The Committee's recommendations

The Committee's recommendations
  1. 366. In the light of the foregoing conclusions, the Committee invites the Governing Body to approve the following recommendations:
    • (a) The Committee recommends the Government to take steps to have legislation on labour disputes and freedom of association amended as indicated in its conclusions, in particular, the restrictive provisions on the right to strike, namely as regards the minimum service and the power of the Supreme Court to suspend the exercise of the right to strike for an excessive duration, the serious penalties that can be imposed on workers on strike and the requirements to belong to the respective occupations to be eligible as trade union leader, and to bring it into conformity with the principles of freedom of association. It requests the Government to keep it informed of any developments in this respect and to provide a copy of the Bills on collective agreements and on the resolution of collective conflict.
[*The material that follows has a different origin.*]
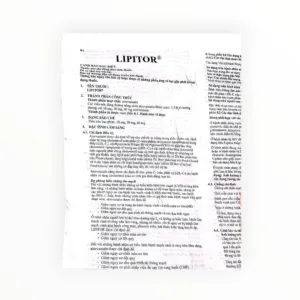 Thuốc Lipitor 10mg Atorvastatin điều trị tăng cholesterol máu, tăng lipid máu (Hộp 3 vỉ x 10 viên) - tờ hướng dẫn sử dụng 1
The Committee recalls to the Government that the technical assistance of the ILO is at its disposal in this respect.
    • (b) The Committee recommends the Government to try and obtain the lifting of all the measures taken against the trade unions officials following their participation in strikes and negotiations during the labour dispute in 1993 in the railway sector, and in particular the reinstatement in their posts of all the trade union officials dismissed and their compensation, as well as the dropping of criminal proceedings and the re-establishment of their status as representatives of train drivers vis-à-vis the SNCFR. It requests the Government to keep it informed of any developments in this respect.
    • (c) The Committee draws the attention of the Committee of Experts to the legislative aspects of this case as regards Conventions Nos. 87 and 98.